THE PROBLEM:
Images in the data are to be skipped, while every line is restated exactly as written.

RECORDED DATA:
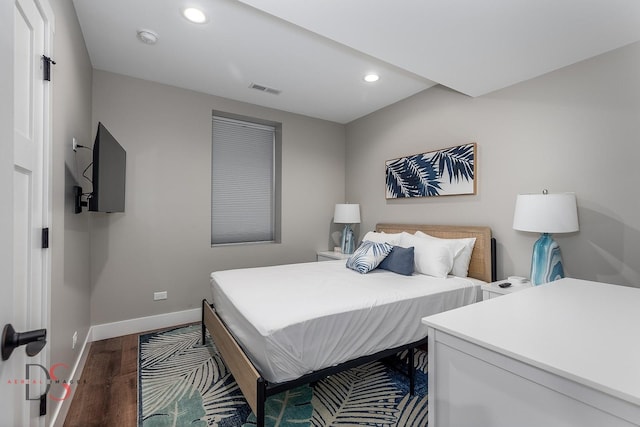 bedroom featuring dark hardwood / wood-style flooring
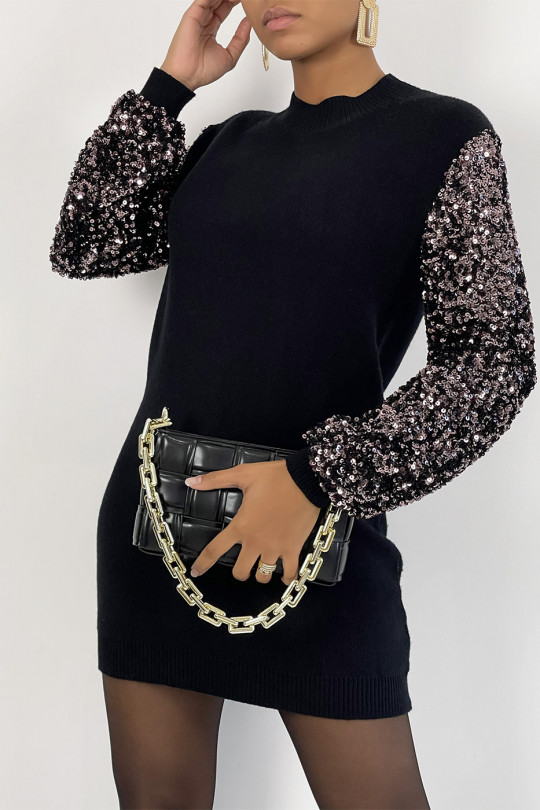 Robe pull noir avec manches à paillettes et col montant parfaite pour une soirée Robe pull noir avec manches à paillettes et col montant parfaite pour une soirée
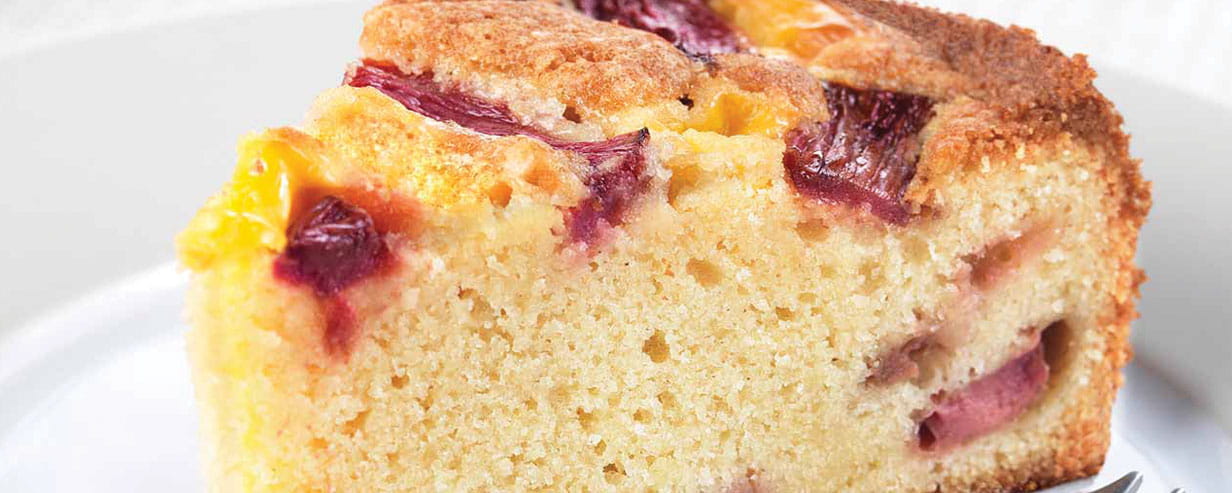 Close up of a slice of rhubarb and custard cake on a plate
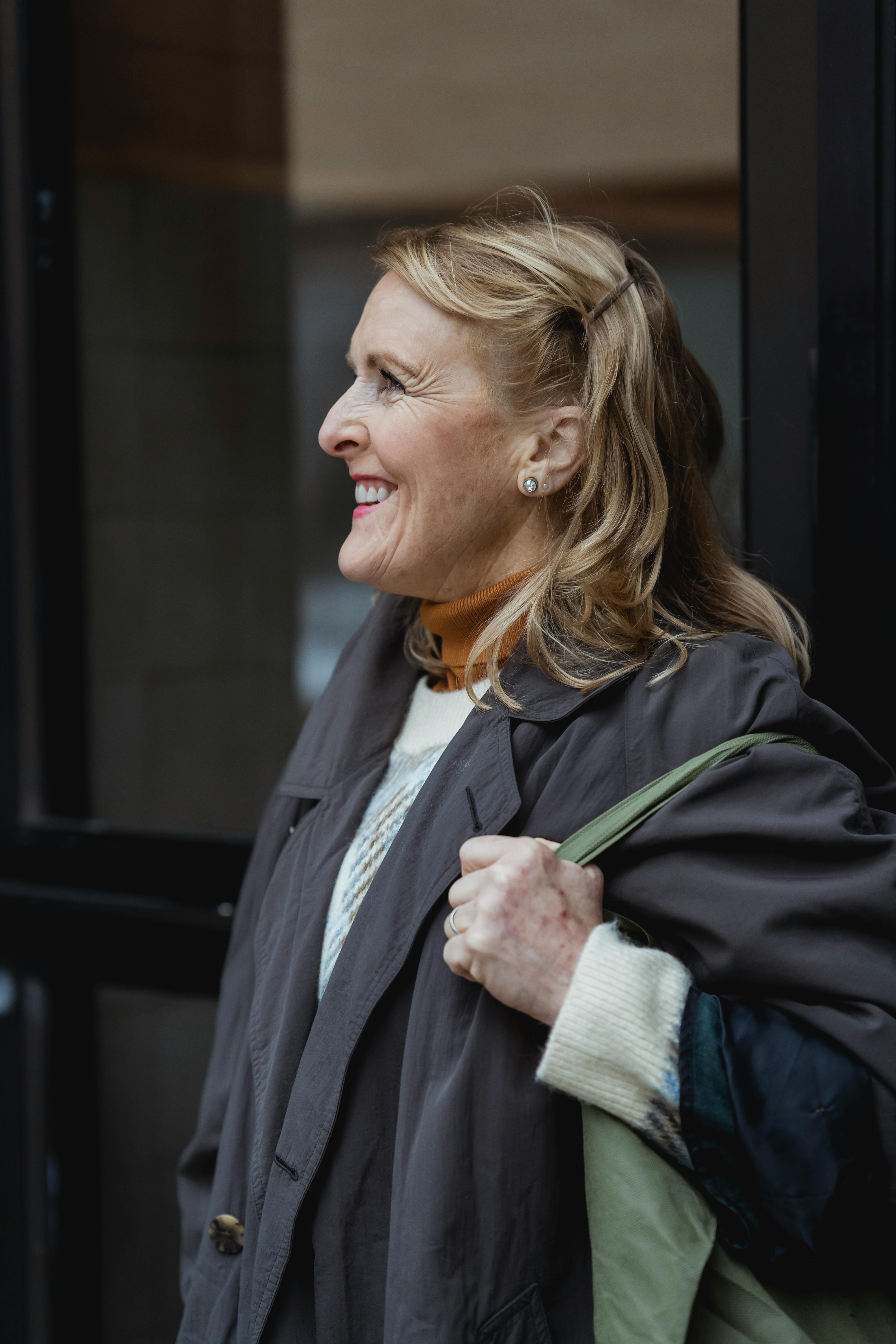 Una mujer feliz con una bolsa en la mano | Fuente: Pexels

WRITTEN REPLY:
 bedroom featuring dark hardwood / wood-style flooring
 Robe pull noir avec manches à paillettes et col montant parfaite pour une soirée Robe pull noir avec manches à paillettes et col montant parfaite pour une soirée
 Close up of a slice of rhubarb and custard cake on a plate
 Una mujer feliz con una bolsa en la mano | Fuente: Pexels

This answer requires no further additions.